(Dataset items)
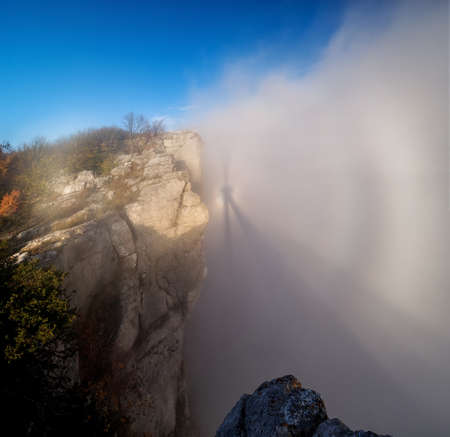 Brocken ghost at sunset in the Crimean mountainsの写真素材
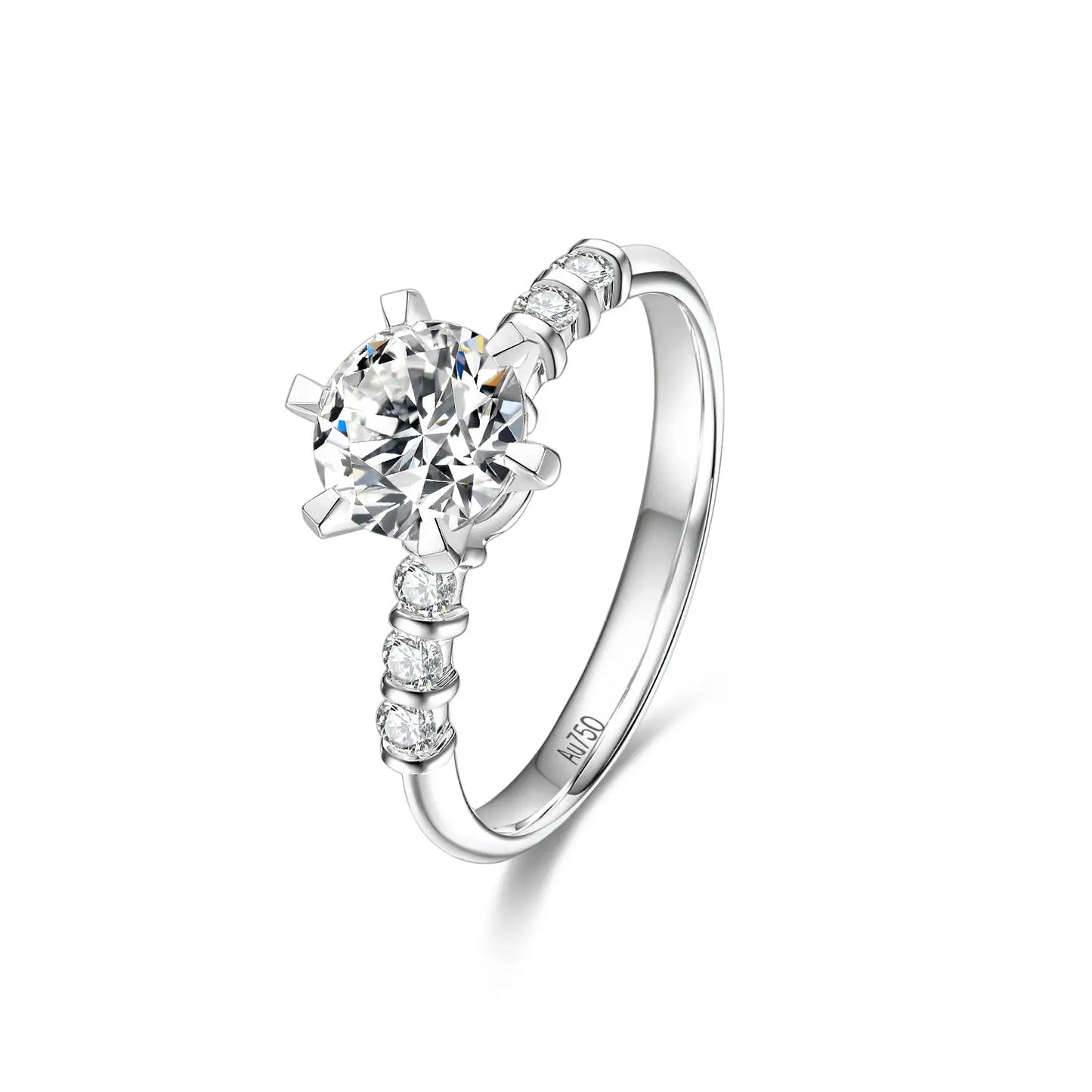 0.75ct Round Lab-Grown Diamond Solitaire Ring with Pavé Band in White Gold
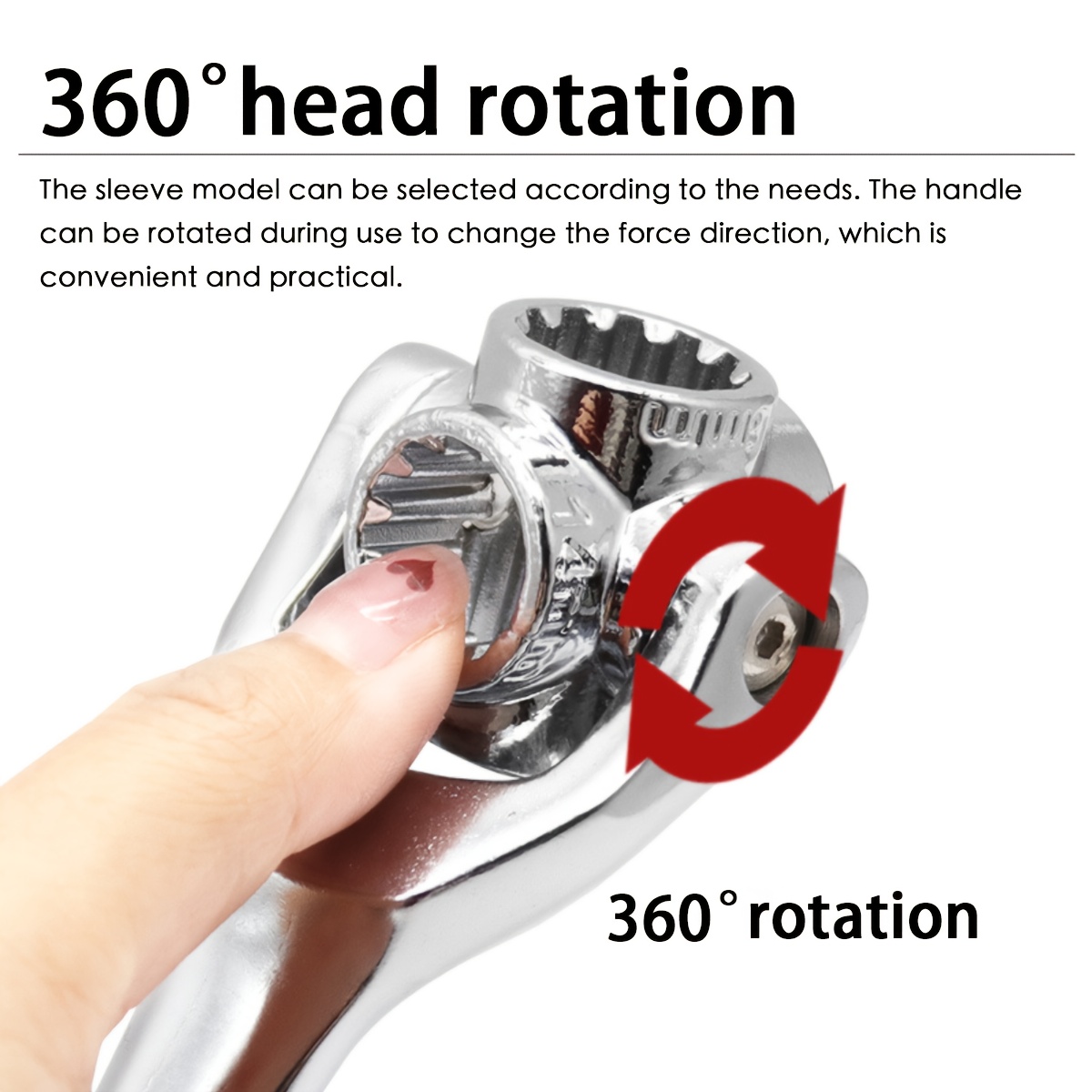 Universal 52-in-1 Socket Wrench – Chrome Vanadium Steel With 360° Rotating Head For Home, Bike, Motorcycle & Car Repairs
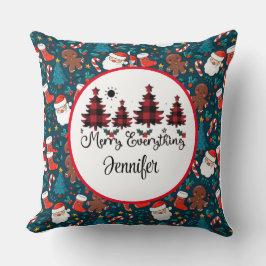 ヴィンテージクリスマスパターン、プレイドクリスマスツリー クッション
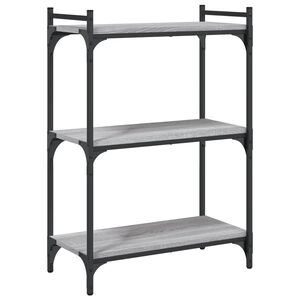 vidaXL B&uuml;cherregal 3 B&ouml;den Grau Sonoma 60x30x86 cm Holzwerkstoff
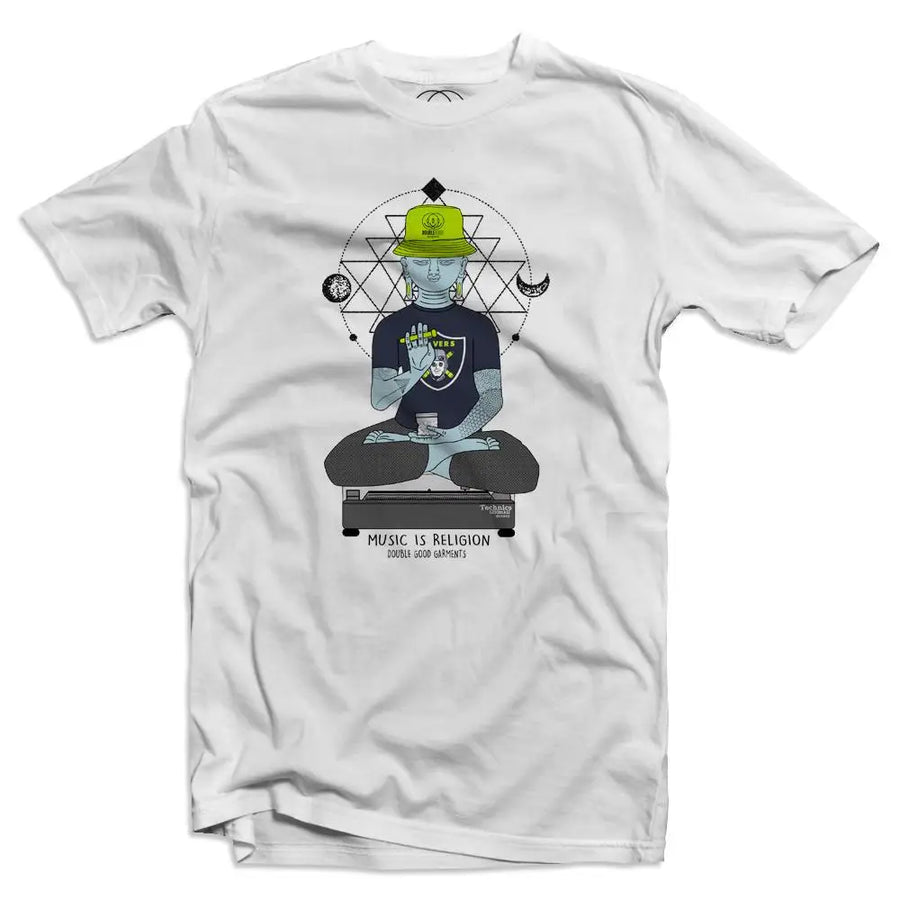 Raving Buddha Men's White T-Shirt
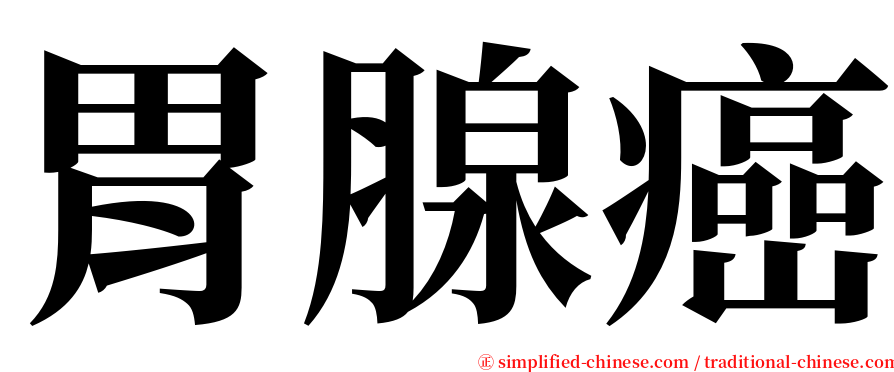 胃腺癌 serif font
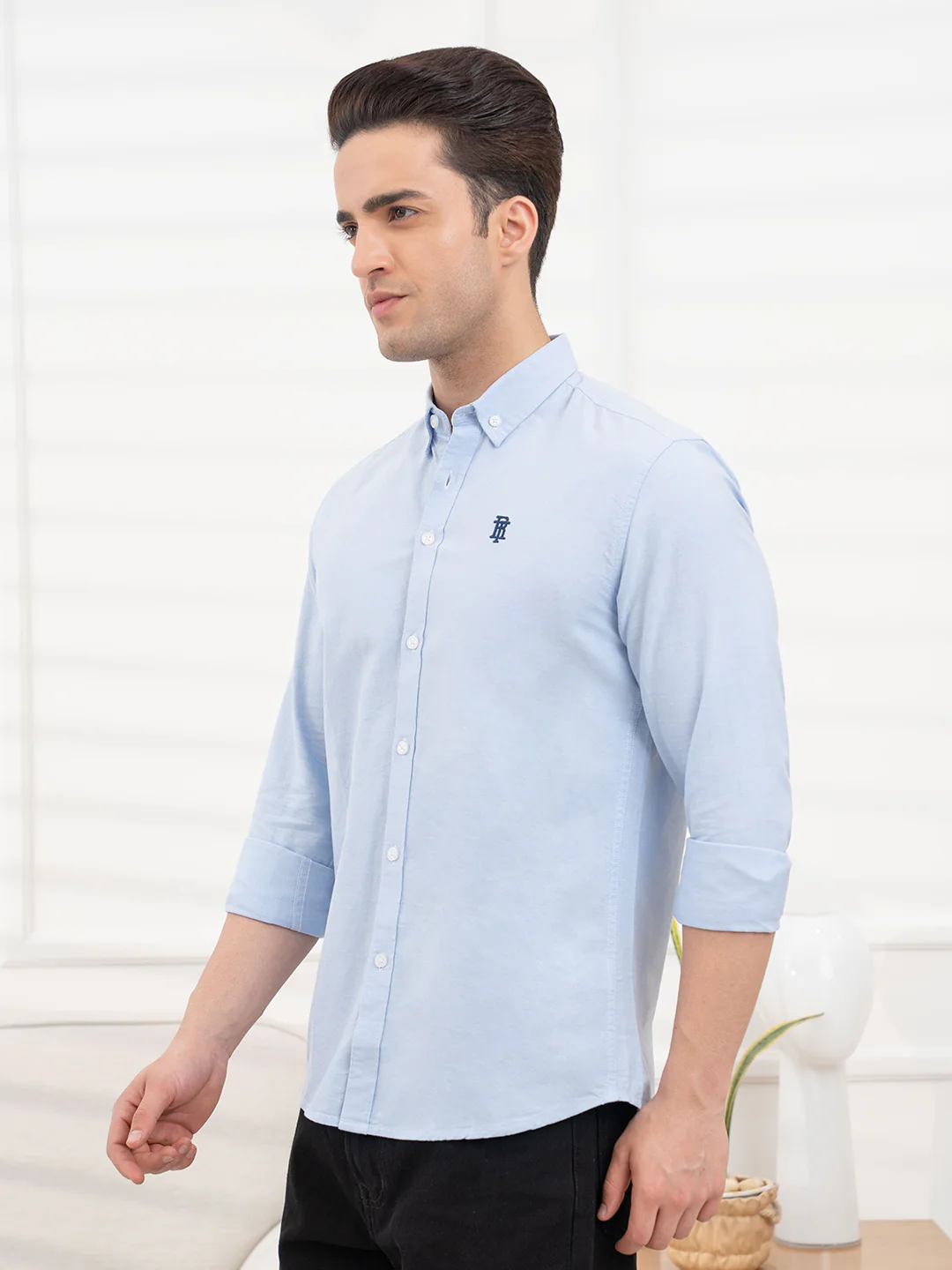 Mens Full Sleeve Solid Oxford Shirt - Image 4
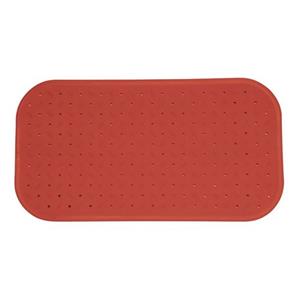 MSV Douche/bad Anti-slip Mat Badkamer - Rubber - Terracotta - 36 X 97 Cm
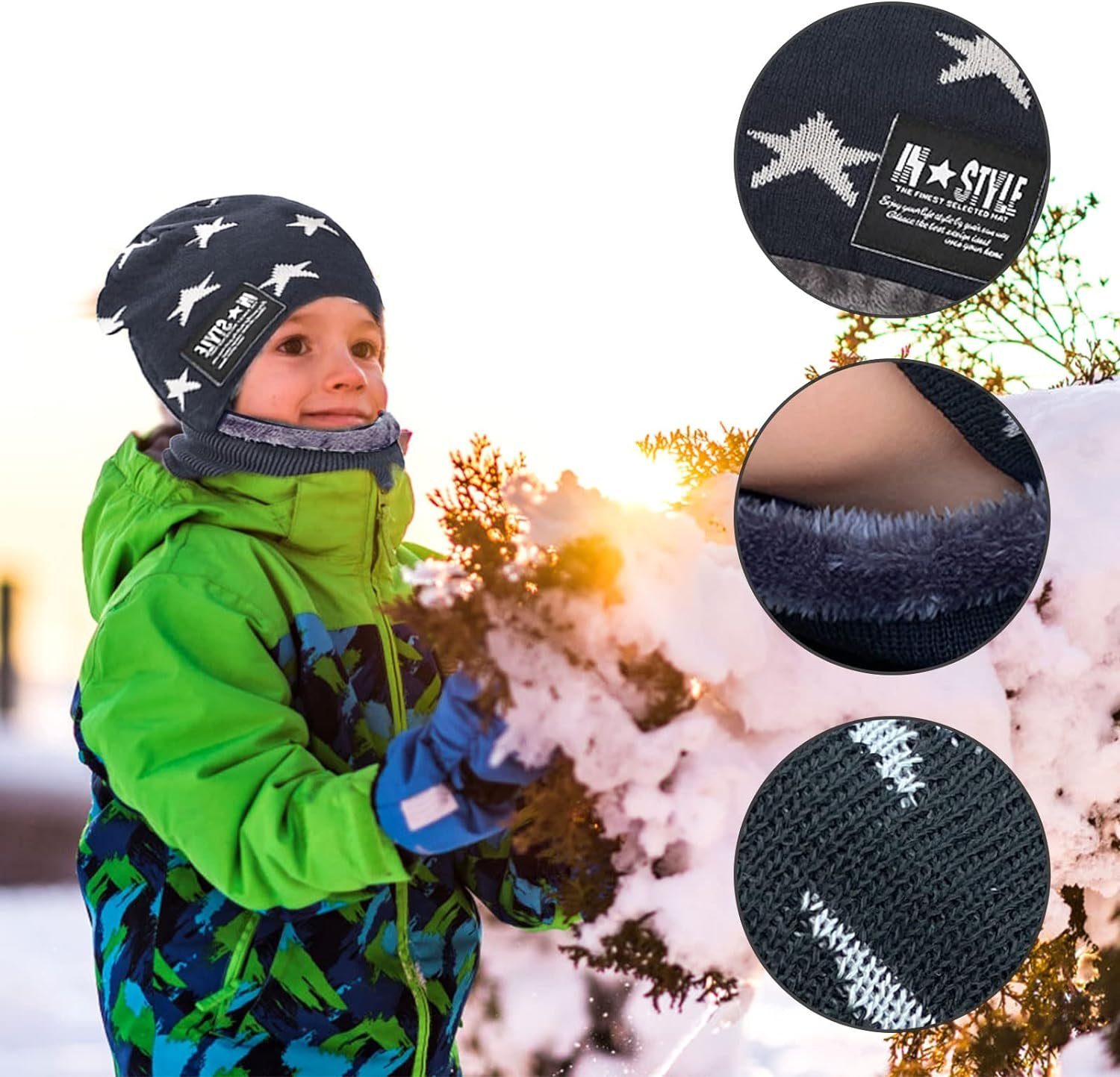 Alster Herz Fleecemütze Mütze Kinder mit Schlauchschal, Fleecefutter, Mütze+Loopschal, A0214 mitt Fleece, hält sehr warm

Assigned task —
A verbatim copy of the entries, without the pictures, is what this task requires.

Result of this task —
 Brocken ghost at sunset in the Crimean mountainsの写真素材
 0.75ct Round Lab-Grown Diamond Solitaire Ring with Pavé Band in White Gold
 Universal 52-in-1 Socket Wrench – Chrome Vanadium Steel With 360° Rotating Head For Home, Bike, Motorcycle & Car Repairs
 ヴィンテージクリスマスパターン、プレイドクリスマスツリー クッション
 vidaXL B&uuml;cherregal 3 B&ouml;den Grau Sonoma 60x30x86 cm Holzwerkstoff
 Raving Buddha Men's White T-Shirt
 胃腺癌 serif font
 Mens Full Sleeve Solid Oxford Shirt - Image 4
 MSV Douche/bad Anti-slip Mat Badkamer - Rubber - Terracotta - 36 X 97 Cm
 Alster Herz Fleecemütze Mütze Kinder mit Schlauchschal, Fleecefutter, Mütze+Loopschal, A0214 mitt Fleece, hält sehr warm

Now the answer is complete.